The IFAS was founded with little fanfare and has remained a low-key sabha whose jubilee celebrations, including this year’s 75th anniversary, have been as modest. But at least at one celebration, the Golden Jubilee one, there was a Presidential address that provided a note of sound and fury. The Society’s Sangeeta Kala Sikhamani that year, S. Balachander, after starting his address quietly discussing the mastering of the veena, suddenly turned on the critics and said, among other things, “Critics… critics…critics! They come in different shapes and sizes. In different categories. Good critics, respectable critics, bad critics, indifferent critics, responsible critics, half-baked critics, ignored critics of yesteryear, pampered critics of the present, well-intentioned decent critics, crooked irresponsible critics, perverted critics, sadistic critics, venomous critics…the classification seems endless!”
It was Madras’s Telugu-speaking community that founded the IFAS as a counter to the Tanjore Tamil orientation of the Music Academy that was three years older. Intriguingly, the two organisations came together in 1938 to organise joint conferences till 1943. This was a result of the founding of the Tamil Isai Movement; the Music Academy and the IFAS found a common cause in Telugu.
The IFAS’s self-effacing nature extended to not having a hall of its own. The early venues for its conferences were Gokhale Hall and Soundara Mahal on Govinda Naicken Street. It used the latter whenever women from the devadasi community sang or danced, Annie Besant having decreed that Gokhale Hall was not open to performances by devadasis. That thinking was to vanish in later years, when the attitude towards those from the devadasi community mellowed.
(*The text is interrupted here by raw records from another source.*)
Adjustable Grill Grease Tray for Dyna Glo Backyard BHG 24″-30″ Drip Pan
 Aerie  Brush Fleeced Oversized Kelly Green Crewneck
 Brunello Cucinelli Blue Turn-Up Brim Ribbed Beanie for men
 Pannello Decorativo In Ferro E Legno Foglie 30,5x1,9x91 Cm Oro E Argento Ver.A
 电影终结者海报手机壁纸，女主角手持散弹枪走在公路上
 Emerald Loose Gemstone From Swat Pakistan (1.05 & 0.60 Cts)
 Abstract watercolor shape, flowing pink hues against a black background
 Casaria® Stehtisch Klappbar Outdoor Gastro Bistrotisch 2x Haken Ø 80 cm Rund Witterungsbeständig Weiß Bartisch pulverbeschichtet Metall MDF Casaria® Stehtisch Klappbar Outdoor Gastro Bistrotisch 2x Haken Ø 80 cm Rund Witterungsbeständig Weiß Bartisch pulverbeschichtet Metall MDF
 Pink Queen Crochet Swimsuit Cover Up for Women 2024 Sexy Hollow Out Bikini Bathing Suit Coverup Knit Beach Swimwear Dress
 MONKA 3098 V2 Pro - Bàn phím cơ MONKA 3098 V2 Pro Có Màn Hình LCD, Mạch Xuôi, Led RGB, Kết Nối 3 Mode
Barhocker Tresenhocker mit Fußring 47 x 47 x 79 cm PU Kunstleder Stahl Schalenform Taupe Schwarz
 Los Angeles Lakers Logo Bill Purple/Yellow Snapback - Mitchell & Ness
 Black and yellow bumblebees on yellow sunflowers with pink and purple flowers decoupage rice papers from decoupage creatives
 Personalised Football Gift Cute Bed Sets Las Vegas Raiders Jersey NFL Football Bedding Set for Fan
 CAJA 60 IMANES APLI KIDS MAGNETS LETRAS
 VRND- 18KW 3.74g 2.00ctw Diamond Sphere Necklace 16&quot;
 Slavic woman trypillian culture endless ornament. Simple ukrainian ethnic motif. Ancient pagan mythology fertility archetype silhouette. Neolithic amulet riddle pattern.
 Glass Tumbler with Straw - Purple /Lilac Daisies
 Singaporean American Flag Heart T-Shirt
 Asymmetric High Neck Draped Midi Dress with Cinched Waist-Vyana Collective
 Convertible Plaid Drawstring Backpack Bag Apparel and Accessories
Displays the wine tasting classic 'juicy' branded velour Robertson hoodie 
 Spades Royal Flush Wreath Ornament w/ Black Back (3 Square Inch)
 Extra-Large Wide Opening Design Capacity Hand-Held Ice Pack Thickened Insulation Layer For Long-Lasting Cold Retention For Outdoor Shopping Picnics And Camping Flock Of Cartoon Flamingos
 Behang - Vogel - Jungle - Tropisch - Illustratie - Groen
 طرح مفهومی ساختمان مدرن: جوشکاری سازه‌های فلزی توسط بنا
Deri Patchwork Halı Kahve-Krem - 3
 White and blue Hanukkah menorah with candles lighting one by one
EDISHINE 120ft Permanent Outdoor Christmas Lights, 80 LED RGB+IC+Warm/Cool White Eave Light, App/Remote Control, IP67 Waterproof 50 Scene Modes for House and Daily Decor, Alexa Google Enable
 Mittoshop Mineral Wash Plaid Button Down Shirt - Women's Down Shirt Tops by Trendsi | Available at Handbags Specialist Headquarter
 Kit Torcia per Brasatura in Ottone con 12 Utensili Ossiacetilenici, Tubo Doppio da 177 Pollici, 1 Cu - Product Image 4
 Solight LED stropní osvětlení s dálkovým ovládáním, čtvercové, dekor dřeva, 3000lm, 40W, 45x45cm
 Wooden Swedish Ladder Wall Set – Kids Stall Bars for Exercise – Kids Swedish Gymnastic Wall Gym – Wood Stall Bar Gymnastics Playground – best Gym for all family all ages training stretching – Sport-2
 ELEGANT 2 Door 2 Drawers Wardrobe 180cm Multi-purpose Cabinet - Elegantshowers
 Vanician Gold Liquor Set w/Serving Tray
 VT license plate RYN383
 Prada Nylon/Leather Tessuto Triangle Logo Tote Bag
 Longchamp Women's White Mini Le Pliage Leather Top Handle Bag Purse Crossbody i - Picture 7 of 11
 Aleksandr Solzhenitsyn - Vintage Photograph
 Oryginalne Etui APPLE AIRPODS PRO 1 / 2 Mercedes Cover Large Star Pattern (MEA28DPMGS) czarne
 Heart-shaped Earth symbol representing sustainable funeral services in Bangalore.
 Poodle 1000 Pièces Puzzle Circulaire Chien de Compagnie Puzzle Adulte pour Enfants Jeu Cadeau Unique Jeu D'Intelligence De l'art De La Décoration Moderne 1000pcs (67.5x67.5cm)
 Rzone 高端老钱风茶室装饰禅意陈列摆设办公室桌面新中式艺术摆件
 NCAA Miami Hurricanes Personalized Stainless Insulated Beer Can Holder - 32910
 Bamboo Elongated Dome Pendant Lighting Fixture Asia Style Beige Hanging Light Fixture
When music and dance began to move out of George Town to Mylapore and Triplicane, the IFAS held its conferences – and theatre performances – at such venues as Woodlands Hotel, Royapettah, Senate House, the RR Sabha’s Sundareswarar Hall, Victoria Public Hall, Vani Mahal, Nadigar Sangam Hall and, in recent years, German Hall. A venue of its own is still a dream.
From 1958, Emberumanar Chetty of the Perumal Chetty family played a leading role in guiding the fortunes of the Society. It was a leadership that was to last over 45 years. And during many of those years, he dreamed that a hall of its own might just be a possibility for the Indian Fine Arts Society. But it did not come to pass. Now, his brother, V. Sethuraman, the present president, hopes he and his team will be able to make it happen.